Sure, the world of digital security is laden with exclusive jargon way beyond the layman, but the collective’s Personal Onion Router To Assure Liberty (PORTAL) is designed in such a way that it provides always-on Tor routing. Simply put, Internet traffic can be conveniently hidden, and while it’s not designed to protect those partaking in illegal or distasteful activity, it’s certainly a win for those concerned with the preservation of privacy.

PORTAL 1

PORTAL 2

As Lackey notes, traditional VPNs do offer a level of privacy, but lack the ability to provide proper anonymity, but the Tor factor of this newly-disclosed endeavor takes real-world router protection to the next level.

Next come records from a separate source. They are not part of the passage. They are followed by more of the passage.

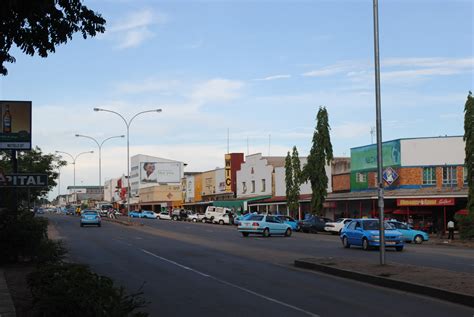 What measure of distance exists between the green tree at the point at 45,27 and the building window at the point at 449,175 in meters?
45.2

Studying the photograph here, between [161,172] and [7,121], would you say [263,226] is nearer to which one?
[7,121]

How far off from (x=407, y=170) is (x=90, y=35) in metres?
45.5

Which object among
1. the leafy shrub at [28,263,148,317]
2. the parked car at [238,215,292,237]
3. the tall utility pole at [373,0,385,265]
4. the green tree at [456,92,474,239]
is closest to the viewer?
the leafy shrub at [28,263,148,317]

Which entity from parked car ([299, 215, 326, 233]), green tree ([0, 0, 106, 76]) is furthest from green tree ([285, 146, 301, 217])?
green tree ([0, 0, 106, 76])

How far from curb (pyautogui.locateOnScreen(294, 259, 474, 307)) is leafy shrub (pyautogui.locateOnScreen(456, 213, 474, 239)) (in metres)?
23.0

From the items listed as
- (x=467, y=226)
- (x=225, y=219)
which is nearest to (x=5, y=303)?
(x=467, y=226)

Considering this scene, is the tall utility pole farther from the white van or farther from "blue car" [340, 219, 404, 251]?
the white van

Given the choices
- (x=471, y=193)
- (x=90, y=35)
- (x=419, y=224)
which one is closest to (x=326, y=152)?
(x=419, y=224)

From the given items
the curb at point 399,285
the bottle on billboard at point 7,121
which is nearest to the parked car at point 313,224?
the curb at point 399,285

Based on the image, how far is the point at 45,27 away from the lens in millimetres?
10000

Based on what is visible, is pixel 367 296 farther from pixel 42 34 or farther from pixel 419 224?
pixel 419 224

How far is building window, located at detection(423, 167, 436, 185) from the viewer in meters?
52.5

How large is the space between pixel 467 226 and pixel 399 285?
90.2ft

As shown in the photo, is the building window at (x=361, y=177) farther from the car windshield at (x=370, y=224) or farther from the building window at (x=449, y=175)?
the car windshield at (x=370, y=224) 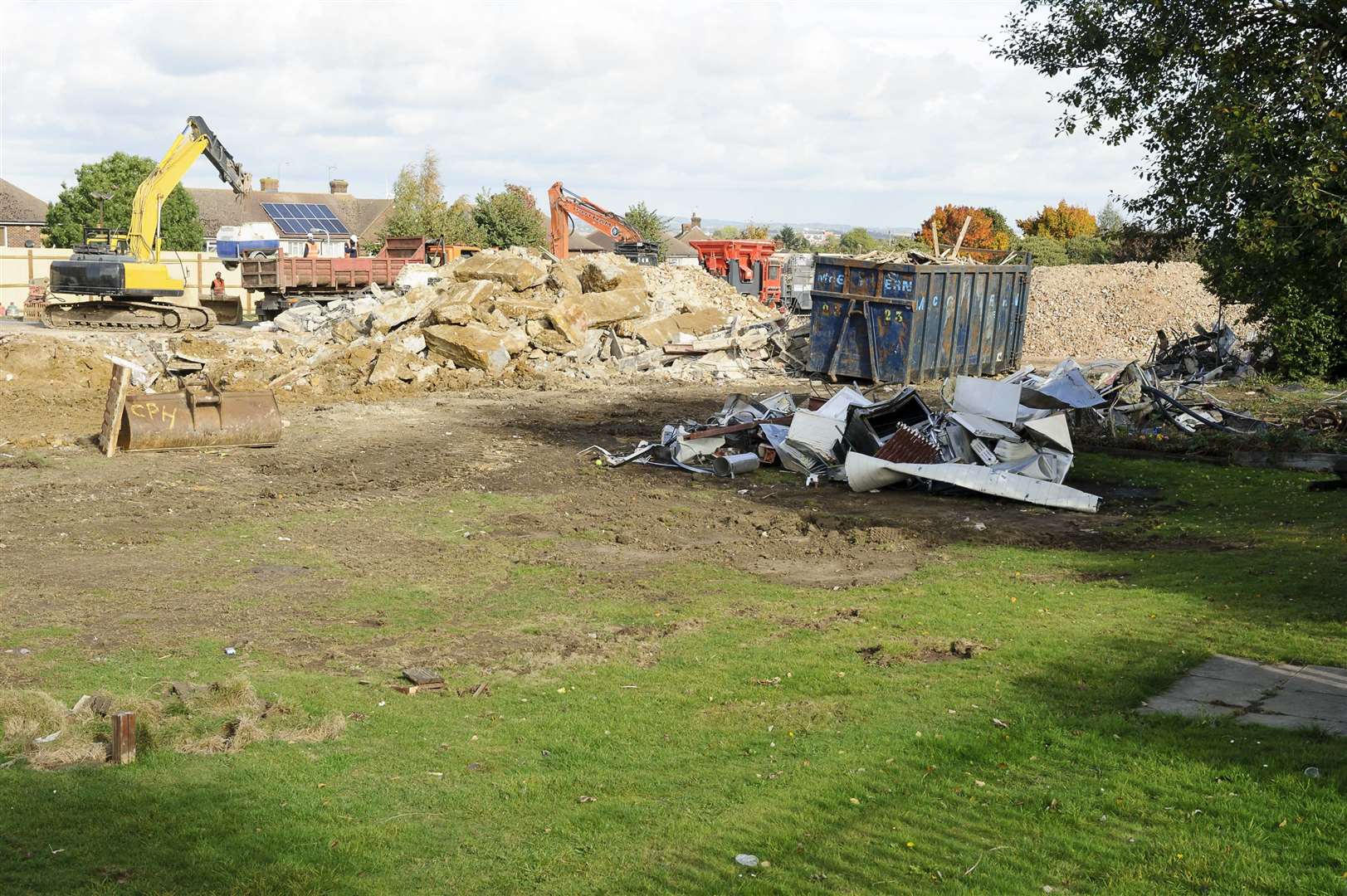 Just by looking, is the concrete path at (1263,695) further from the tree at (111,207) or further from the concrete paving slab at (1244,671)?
the tree at (111,207)

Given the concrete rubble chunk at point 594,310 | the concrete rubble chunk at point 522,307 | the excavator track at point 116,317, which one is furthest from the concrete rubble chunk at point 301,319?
the concrete rubble chunk at point 594,310

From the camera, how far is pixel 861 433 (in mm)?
14703

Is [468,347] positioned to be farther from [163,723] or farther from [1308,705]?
[1308,705]

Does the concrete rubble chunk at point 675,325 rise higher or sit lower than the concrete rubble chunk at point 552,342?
higher

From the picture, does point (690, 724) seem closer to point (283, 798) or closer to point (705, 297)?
point (283, 798)

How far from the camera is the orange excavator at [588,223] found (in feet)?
115

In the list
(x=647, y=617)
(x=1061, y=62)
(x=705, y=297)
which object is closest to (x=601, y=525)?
(x=647, y=617)

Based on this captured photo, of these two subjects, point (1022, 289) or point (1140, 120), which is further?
point (1022, 289)

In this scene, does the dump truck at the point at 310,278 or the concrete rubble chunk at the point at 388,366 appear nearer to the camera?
the concrete rubble chunk at the point at 388,366

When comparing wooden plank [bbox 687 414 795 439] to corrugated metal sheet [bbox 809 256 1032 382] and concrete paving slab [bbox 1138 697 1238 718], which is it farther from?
concrete paving slab [bbox 1138 697 1238 718]

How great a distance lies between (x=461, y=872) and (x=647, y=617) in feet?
13.9

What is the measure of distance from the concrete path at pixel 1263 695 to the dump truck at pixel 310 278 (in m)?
30.2

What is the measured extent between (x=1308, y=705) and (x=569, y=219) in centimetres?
3131

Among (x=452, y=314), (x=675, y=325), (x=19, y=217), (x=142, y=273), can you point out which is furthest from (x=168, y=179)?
(x=19, y=217) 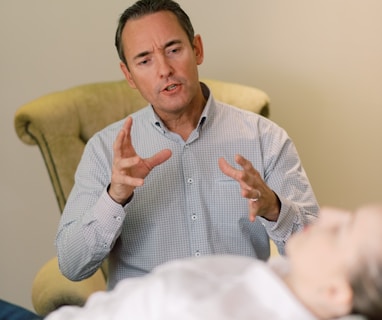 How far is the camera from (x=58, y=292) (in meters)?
2.09

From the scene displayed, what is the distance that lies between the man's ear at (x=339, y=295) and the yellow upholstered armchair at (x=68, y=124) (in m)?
1.14

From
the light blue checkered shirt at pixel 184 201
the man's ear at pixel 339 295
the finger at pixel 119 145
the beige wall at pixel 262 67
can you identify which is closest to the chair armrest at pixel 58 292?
the light blue checkered shirt at pixel 184 201

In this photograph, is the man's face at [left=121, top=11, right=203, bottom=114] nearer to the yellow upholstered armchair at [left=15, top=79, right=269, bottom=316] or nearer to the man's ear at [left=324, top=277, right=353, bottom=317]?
the yellow upholstered armchair at [left=15, top=79, right=269, bottom=316]

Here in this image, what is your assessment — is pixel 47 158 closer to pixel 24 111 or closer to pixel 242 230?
pixel 24 111

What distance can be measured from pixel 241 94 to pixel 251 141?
42cm

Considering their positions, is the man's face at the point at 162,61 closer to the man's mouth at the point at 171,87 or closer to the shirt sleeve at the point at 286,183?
the man's mouth at the point at 171,87

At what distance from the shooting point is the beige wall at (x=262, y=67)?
2.67 meters

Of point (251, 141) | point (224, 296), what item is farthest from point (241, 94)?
point (224, 296)

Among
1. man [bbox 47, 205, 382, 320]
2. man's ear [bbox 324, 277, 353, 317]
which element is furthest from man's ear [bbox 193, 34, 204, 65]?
man's ear [bbox 324, 277, 353, 317]

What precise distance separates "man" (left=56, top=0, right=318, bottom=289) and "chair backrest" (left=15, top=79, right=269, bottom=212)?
11.2 inches

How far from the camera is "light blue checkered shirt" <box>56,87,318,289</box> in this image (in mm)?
1927

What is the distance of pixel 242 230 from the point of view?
1.95 meters

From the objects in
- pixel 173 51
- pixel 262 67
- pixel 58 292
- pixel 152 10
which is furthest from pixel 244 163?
pixel 262 67

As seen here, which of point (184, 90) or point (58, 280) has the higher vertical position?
point (184, 90) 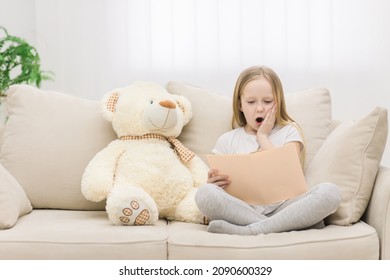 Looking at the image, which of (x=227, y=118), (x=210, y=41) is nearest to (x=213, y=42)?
(x=210, y=41)

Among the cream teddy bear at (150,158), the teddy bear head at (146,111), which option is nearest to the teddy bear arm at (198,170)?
the cream teddy bear at (150,158)

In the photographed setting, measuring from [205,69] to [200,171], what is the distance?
1291mm

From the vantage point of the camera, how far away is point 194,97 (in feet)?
7.88

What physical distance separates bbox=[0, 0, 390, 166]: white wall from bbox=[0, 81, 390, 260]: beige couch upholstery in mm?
998

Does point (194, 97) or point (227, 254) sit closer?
point (227, 254)

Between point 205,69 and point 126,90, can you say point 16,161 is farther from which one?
point 205,69

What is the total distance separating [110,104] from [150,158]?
0.27m

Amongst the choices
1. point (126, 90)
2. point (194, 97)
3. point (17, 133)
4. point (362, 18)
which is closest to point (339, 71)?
point (362, 18)

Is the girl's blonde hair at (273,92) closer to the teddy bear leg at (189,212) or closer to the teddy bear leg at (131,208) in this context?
the teddy bear leg at (189,212)

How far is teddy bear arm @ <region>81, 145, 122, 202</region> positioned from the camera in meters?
2.14

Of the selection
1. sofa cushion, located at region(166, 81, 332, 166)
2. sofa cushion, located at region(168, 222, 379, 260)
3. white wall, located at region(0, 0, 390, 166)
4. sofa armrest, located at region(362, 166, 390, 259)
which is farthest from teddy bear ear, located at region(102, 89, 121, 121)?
white wall, located at region(0, 0, 390, 166)

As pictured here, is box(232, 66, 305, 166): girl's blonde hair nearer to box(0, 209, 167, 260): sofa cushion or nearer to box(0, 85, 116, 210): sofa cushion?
box(0, 85, 116, 210): sofa cushion

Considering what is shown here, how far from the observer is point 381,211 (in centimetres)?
188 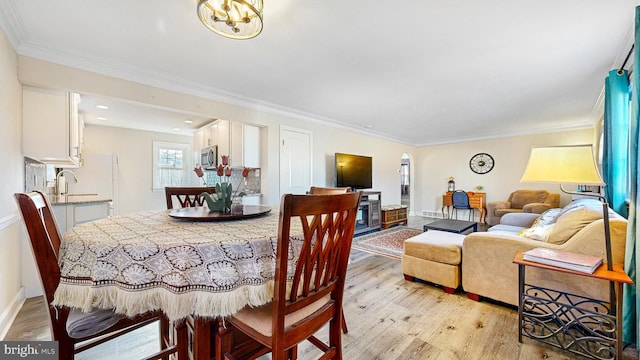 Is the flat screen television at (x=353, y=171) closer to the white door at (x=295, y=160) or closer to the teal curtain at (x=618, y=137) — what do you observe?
the white door at (x=295, y=160)

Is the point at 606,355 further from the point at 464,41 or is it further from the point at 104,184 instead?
the point at 104,184

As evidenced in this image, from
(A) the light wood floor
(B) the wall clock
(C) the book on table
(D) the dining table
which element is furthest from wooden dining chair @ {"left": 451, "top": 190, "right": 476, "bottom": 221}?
(D) the dining table

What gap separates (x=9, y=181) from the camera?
1908 mm

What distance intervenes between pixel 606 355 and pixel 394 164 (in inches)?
212

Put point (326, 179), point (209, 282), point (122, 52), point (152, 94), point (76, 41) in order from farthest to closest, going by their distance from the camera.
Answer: point (326, 179) → point (152, 94) → point (122, 52) → point (76, 41) → point (209, 282)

At a time when the digital world is living in fear of NSA scare stories, it’s certainly encouraging to know that we, the everyday users, can seek protection by such means.

Tor has long since provided a blanket of obscurity against spies and the powers that be, and even though the world of tech continues to evolve with each year that passes by, Lackey and Rogers have demonstrated that it’s still as pivotal as ever in the preservation of private data trafficking.

PORTAL is currently a GitHub project rather than a piece of hardware that can be obtained, therefore isn’t exactly ubiquitous. However, the team is working on a distributable solution, and we’ll certainly be keeping tabs on its progress.